For those wanting to know the story behind the man, there's Sweeney Todd is Alive - The Real History of the Demon Barber of Fleet Street. It's an average documentary on the origins of Sweeney Todd, and whether the man did indeed exist or not. The doc also takes a look at some crimes committed by people who likely inspired the legend.
On the musical side, there's Musical Mayhem - Sondheim's Sweeney Todd, which is more or less an interview with Stephen Sondheim about his musical's origin. Sondheim also discusses the changes he made to the score when it came to the transition to the big screen, and how he enjoyed working with Burton.
Sweeney's London focuses on the visuals in the film, taking a peek at London during the Industrial Revolution through experts and period drawings.
The Making of Sweeney Todd is probably the weaker of the extras, as it comes off as your typical EPK fluff, with material that's repeated from other areas on the disc.
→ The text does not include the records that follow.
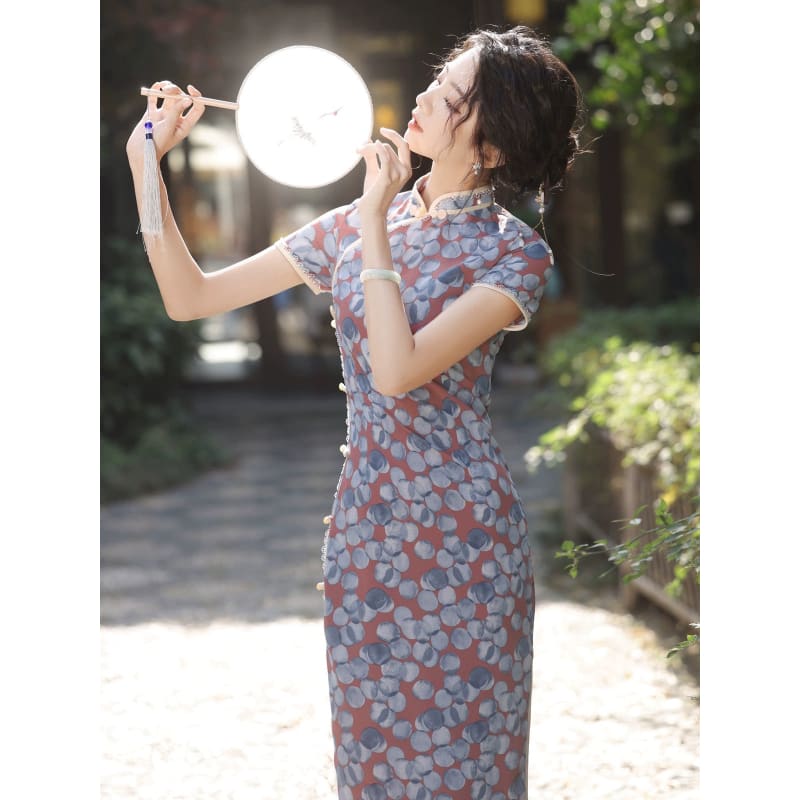 Retro Floral Cheongsam Dress - Female Hanfu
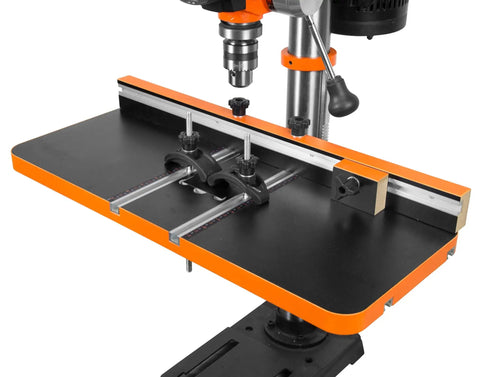 Smooth Rolling Five Speed Benchtop Drill Press Packing A Beefy 2.3 Amp Motor And Sturdy Cast Iron Base showing upgrade table with clamps.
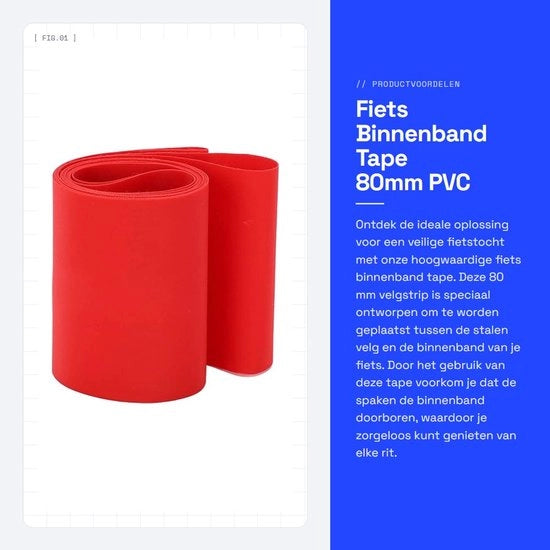 Tubo di protezione per pneumatici da bicicletta - 80mm - nastro anti-puntura in PVC - adatto per pneumatici da 26 pollici - duraturo - striscia di protezione per ruote - per biciclette e modelli da aeroplano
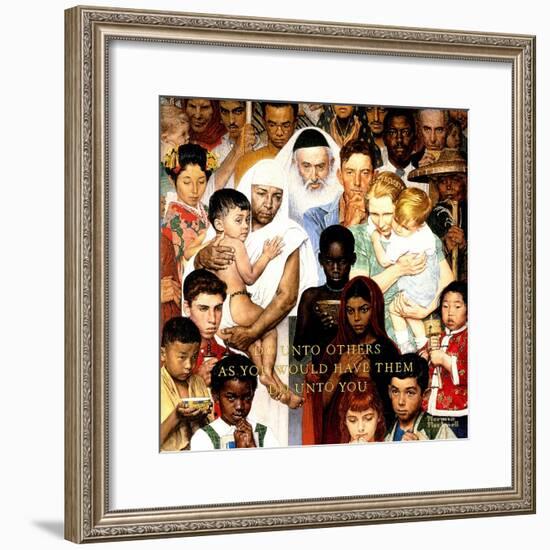 "Golden Rule" (Do unto others), April 1,1961-Norman Rockwell-Framed Giclee Print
Grand Guignol - A Theatrical Tradition centres on the real theatre in France that was active from 1897 to 1962, which was known for it's naturalistic horror shows. The theatre and its plays basically inspired much of today's horror writers and directors, and was certainly an influence on Burton.
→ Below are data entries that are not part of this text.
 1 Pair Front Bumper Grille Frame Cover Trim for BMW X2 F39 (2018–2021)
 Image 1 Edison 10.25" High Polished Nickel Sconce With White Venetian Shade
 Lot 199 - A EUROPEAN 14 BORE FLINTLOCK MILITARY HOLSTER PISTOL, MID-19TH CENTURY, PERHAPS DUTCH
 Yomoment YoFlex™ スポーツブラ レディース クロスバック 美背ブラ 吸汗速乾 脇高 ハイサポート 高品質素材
Designs For A Demon Barber covers the wardrobe aspect of the film, namely Sweeney Todd himself. Longtime Burton collaborators Colleen Atwood and Dante Ferretti provide much of the meat for the feature, along with Burton and some design drawings that are simply gorgeous.
For special effects nut such as myself, there's A Bloody Business, which talks about the prosthetics used in the film, with footage almost entirely from the effects workshop.
Depp and Burton get together again with Moviefone Unscripted with Tim Burton and Johnny Depp. This 11-minute clip has the two answering questions submitted by Moviefone customers, and while some aren't much in terms of generating much thought from the duo, there are a couple that make Depp and Burton work for answers.
Finally, we get two photo galleries, one of which is entitled The Razor's Refrain and is set to music from the film, and the theatrical trailer for the film.
For those itching for something really extra, be on the lookout for the FYE Exclusive, which is the 2-disc edition packed in a Steelbook case. The rest of us will have to settle for the slipcase adorned with razors.
After the so-so responses to his previous couple of films, Burton has come back with a sweet little gem that should please fans of the musical, and horror fanatics looking for something a little different. Again, folks who aren't big on music mixed with their mayhem aren't likely to be won over with this offering, but what's here should please those who do. Top it off with a great selection of extras, and you have a DVD set worth shelling out for.